- Stats Can’s numbers this morning were indeed bearish, pretty much as anticipated. Final wheat production is pegged at 30 million mt, up 3 million from the USDA’s last estimate in November. Much of this will be added to Canada’s exportable surplus, and higher protein wheat futures contracts in the US were down 6-8 cents at midday. Stats Can also raised canola (rapeseed) production to 21.3 million mt, vs. 19.9 million previously, which will ease concerns over an ever tightening Canadian canola balance sheet. Large Canadian canola and soy exports are expected through the balance of the crop year.
- Energy futures ended sharply lower today as US motor gasoline stocks built and a seasonal lull in consumption lies ahead. US crude stocks remain well below the levels of recent years, and the difference is widening, and of course weaker prices do little to boost production.
- Following higher overnight trade, soy futures turned down after the morning open on profit taking, and in sympathy with weakness in the wheat market. Fundamental news for the day was limited to S American weather updates, which remain warm and dry for the next 10 days. January and March soybeans were able to build late day support after both contracts closed out open chart gaps that were left from Monday’s trade. Commodity fund traders were estimated sellers of 9,000 soybean, 5,000 soymeal, and 4,000 soyoil contracts. Soymeal has lead the soy trade this week, lifting Chicago soy crush margins. The spot spread today traded as high as $1.20/bu and closed at $1.15, verus $.74 a year ago. Forward margins are also similarly strong, giving processors the opportunity to lock down an average margin of $1.09/bu to the end of the year versus $.83 a year ago. Next week’s WASDE report is expected to show a slower US export forecast and larger end stocks, though the market this week is following S American weather.
- Chicago corn futures ended slightly lower, but mostly shrugged off weakness in neighboring wheat and soy markets. We view strength in corn today as a function of another week of record ethanol production, and the fact that a meaningful pattern shift is still unlikely in Argentina and S Brazil by late December. Through the week ending last Friday, US ethanol plants produced a record 326 million gallons, a full 10 million above the prior record set two weeks ago, and which further argues the USDA’s projected ethanol demand draw is 25-50 million bu too low. Ethanol production margins have eroded rather quickly (calculated today at $.25/gallon, vs. $.60 in early November), but ethanol’s discount to gasoline remains substantial, and non-domestic blend disappearance continues at a record pace. The point is that, fundamentally, we doubt much downside risk in corn exists below $3.45, basis March, and the overall S American weather pattern remains concerning. Funds may be more willing to part with sizeable short positions by late month if weather doesn’t improve.

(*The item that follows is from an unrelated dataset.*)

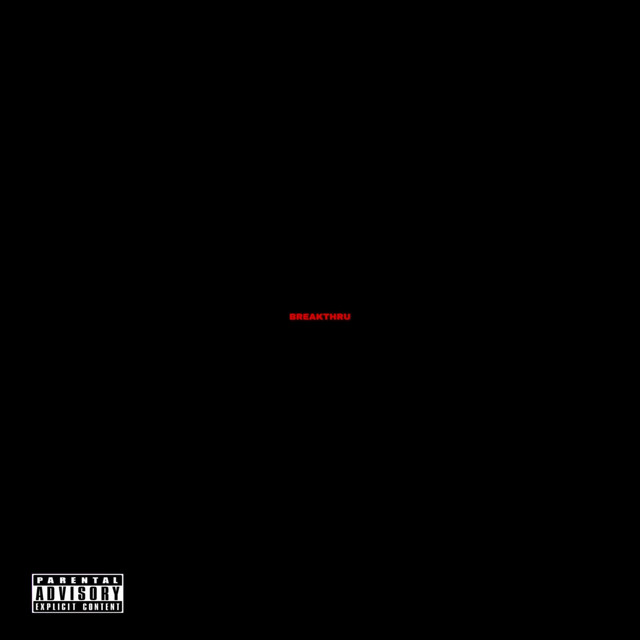 BreakThru cover art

- Spring wheat futures led the way down today, as Stats Can added 3 million mt to Canada’s all-wheat production total. This goes a long way in easing concerns over the availability of high protein wheat in North America, and also suggests the US can boost cross-border trade if any real shortages develop. We would point out that Stats Can production figures are now largely satelite based, but any correction to production awaits Stats Can’s next stocks reprot, which isn’t due until early February. Funds sold and estimated 4,500 contracts in Chicago. World markets also ended lower following Stats Can’s report, with EU origin wheat down a full $3-4/mt this evening, but the news should be fully digested by early Thursday. Otherwise, US export sales are likely to rise slowly as, on paper, the Gulf HRW market is more competitive. Managed funds’ net short today is calculated at 125,000 contracts, which is sizeable. We would look for a modest rebound from contract lows, but suggest that rallies require the loss of corn yield in S America.